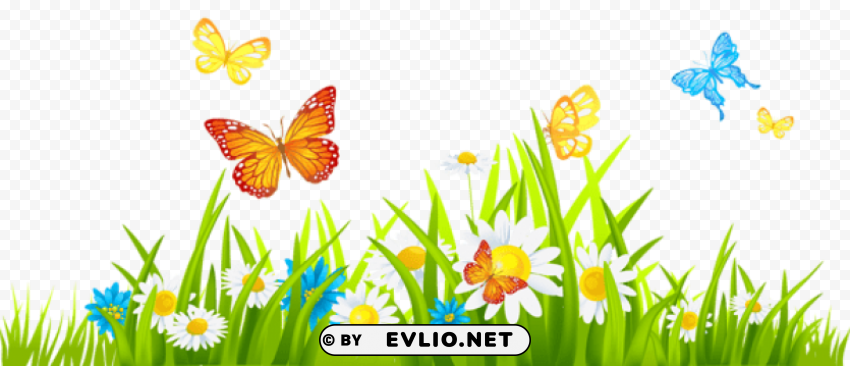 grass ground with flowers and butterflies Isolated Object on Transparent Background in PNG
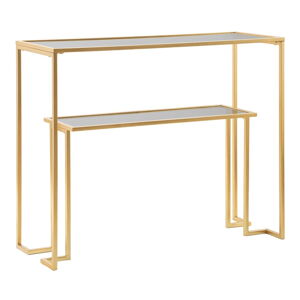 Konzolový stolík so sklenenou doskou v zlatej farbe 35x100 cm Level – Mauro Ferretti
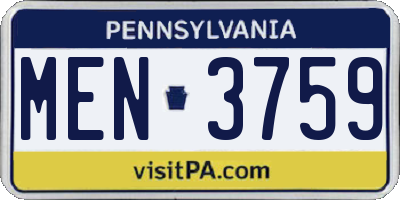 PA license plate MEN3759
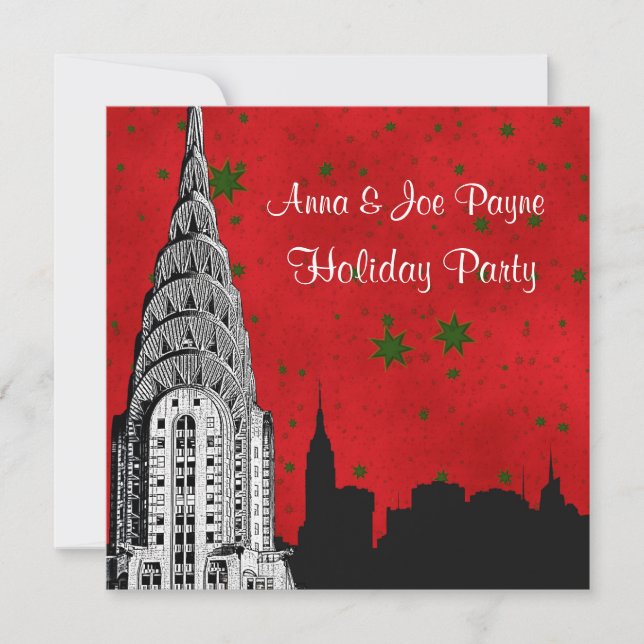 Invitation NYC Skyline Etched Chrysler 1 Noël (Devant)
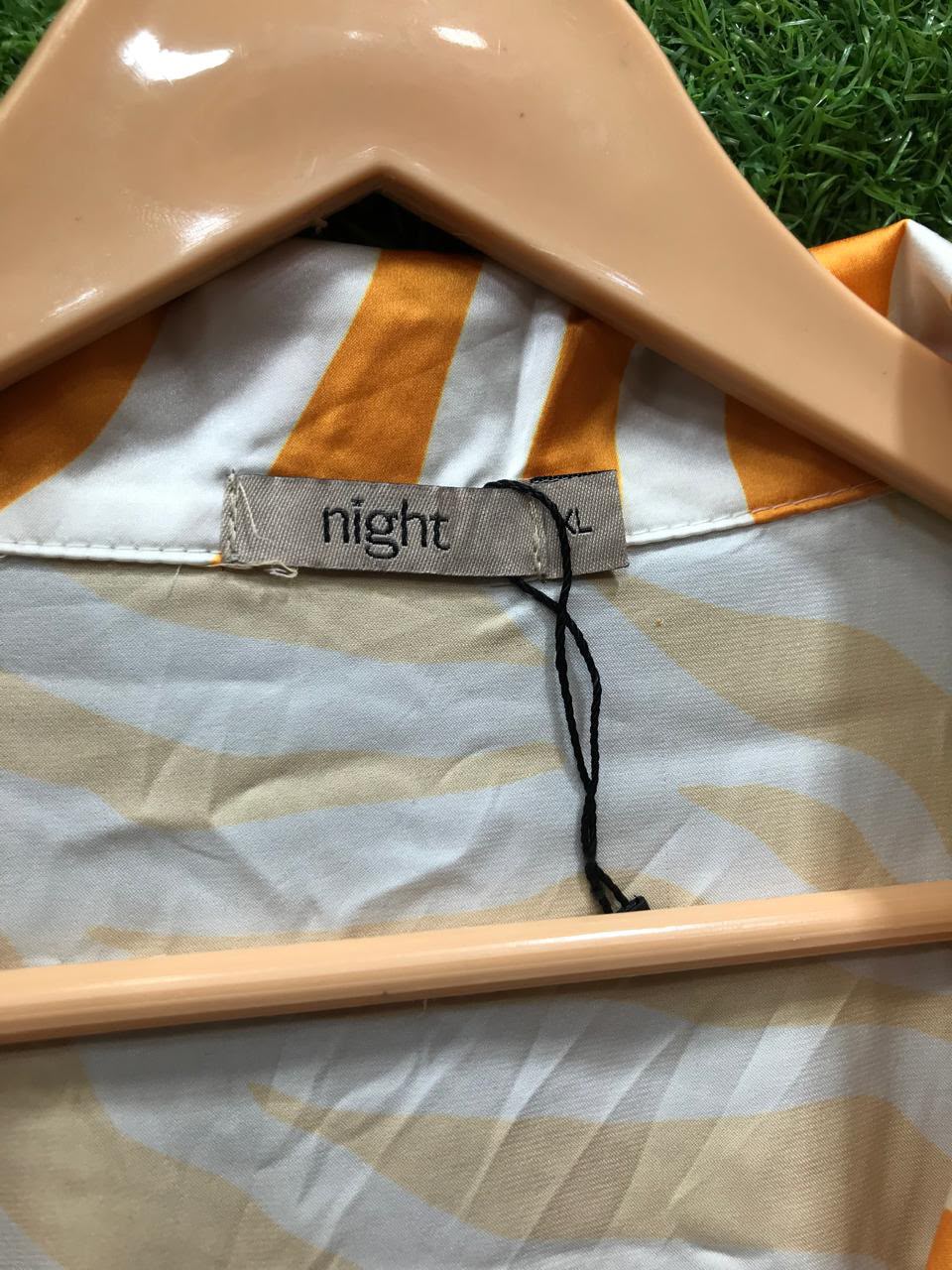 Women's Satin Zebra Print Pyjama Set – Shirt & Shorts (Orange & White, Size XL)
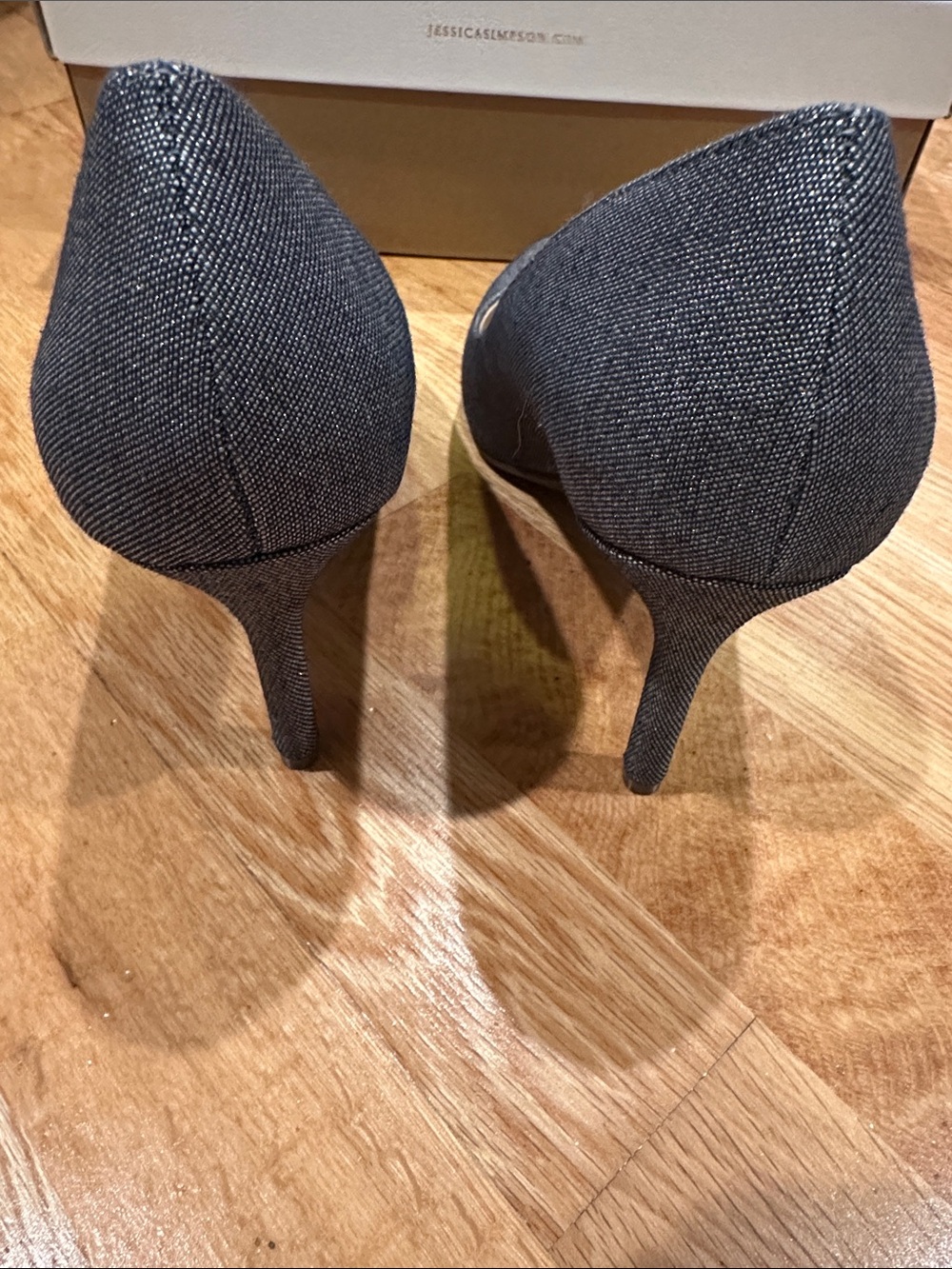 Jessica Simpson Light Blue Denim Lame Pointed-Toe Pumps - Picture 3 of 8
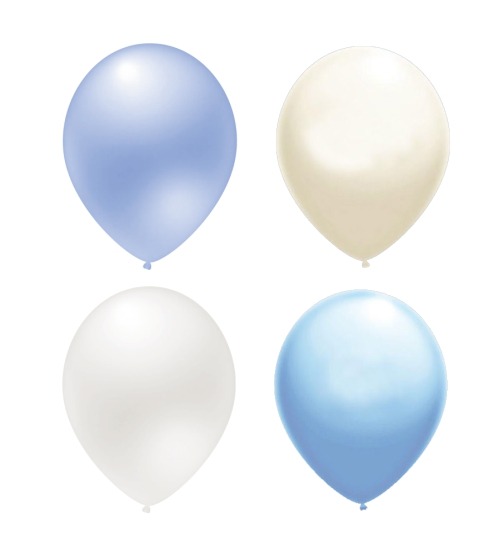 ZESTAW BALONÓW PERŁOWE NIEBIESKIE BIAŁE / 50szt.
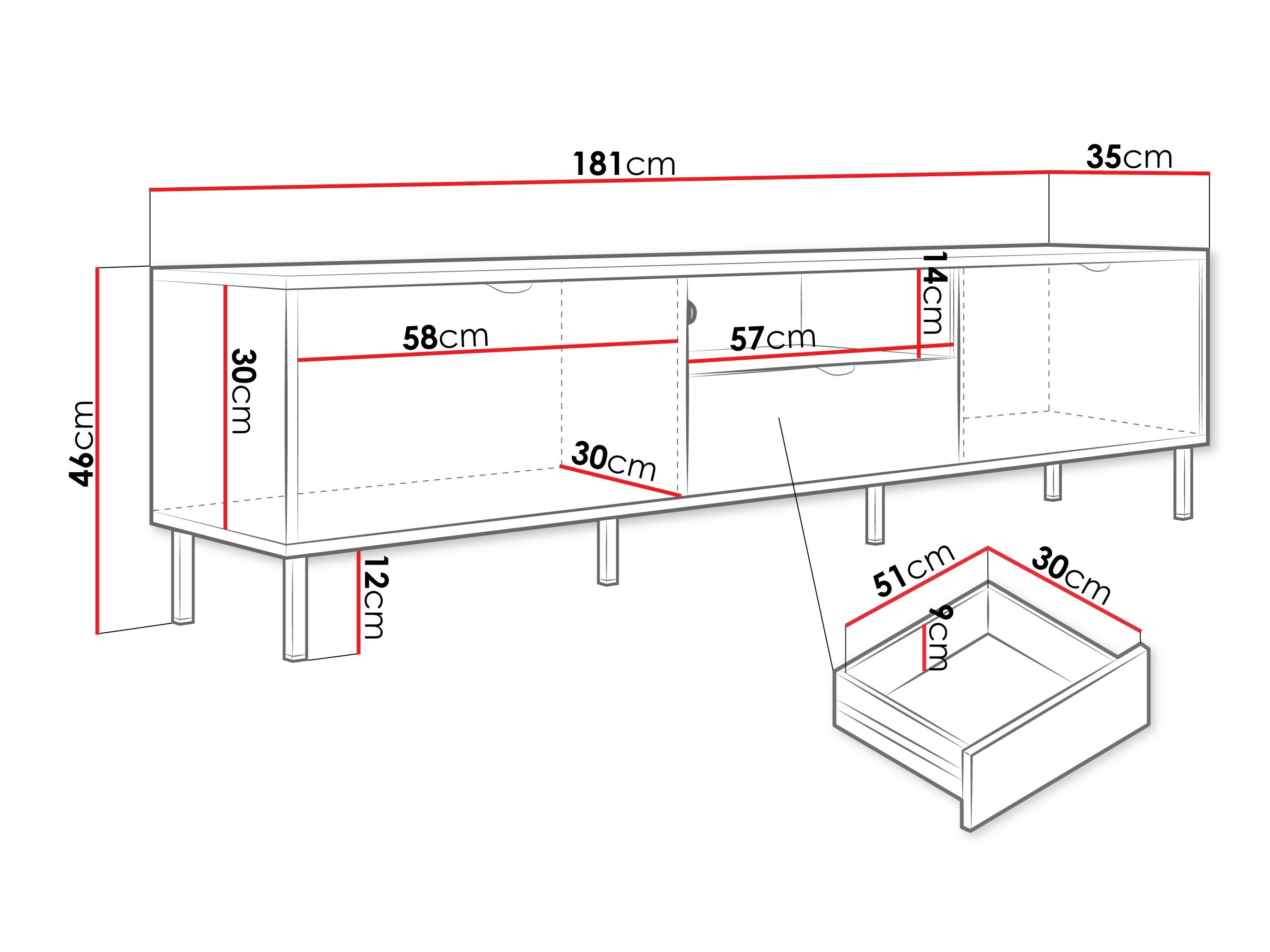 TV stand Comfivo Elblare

==

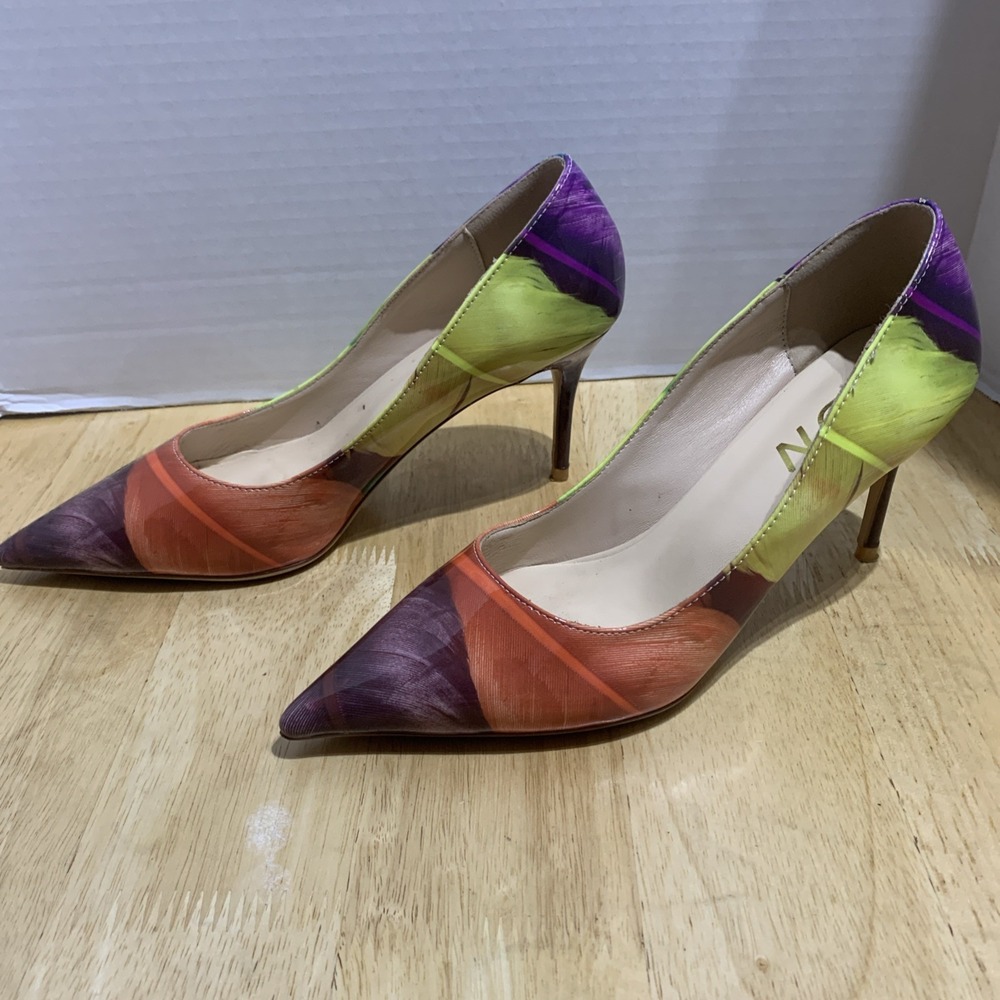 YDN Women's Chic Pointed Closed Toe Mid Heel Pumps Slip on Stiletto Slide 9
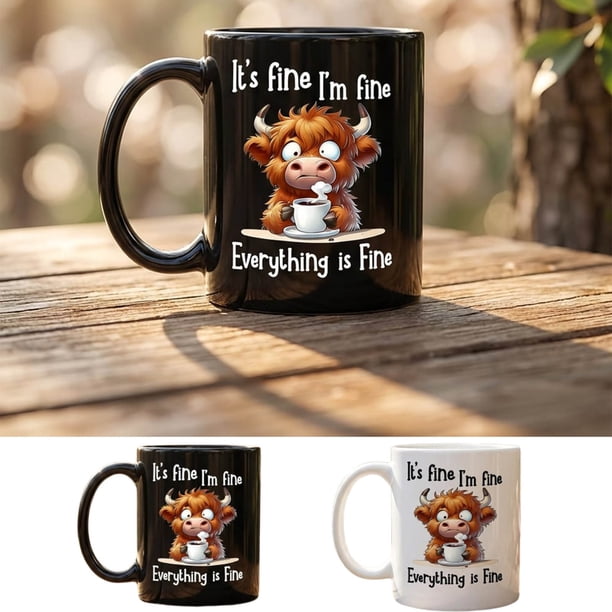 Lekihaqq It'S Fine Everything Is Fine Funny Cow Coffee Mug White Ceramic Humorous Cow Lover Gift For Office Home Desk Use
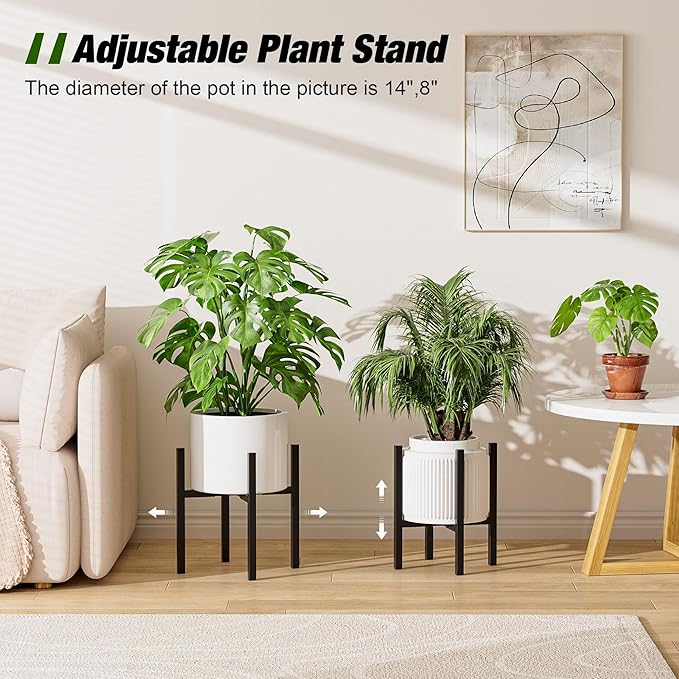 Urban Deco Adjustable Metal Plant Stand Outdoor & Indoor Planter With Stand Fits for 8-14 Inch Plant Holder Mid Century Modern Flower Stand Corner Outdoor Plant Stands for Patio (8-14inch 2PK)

--

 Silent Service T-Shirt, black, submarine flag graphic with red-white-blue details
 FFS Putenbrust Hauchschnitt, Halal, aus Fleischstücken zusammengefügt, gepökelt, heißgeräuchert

> _Assignment_:
Would you output the lines above from the line holding "grass ground with" up to and including the line holding "Jessica Simpson Light", exactly and only those, with no pictures?

> _Result for this exercise_:
 grass ground with flowers and butterflies Isolated Object on Transparent Background in PNG
 Konzolový stolík so sklenenou doskou v zlatej farbe 35x100 cm Level – Mauro Ferretti
 PA license plate MEN3759
 Invitation NYC Skyline Etched Chrysler 1 Noël (Devant)
 Women's Satin Zebra Print Pyjama Set – Shirt & Shorts (Orange & White, Size XL)
 Jessica Simpson Light Blue Denim Lame Pointed-Toe Pumps - Picture 3 of 8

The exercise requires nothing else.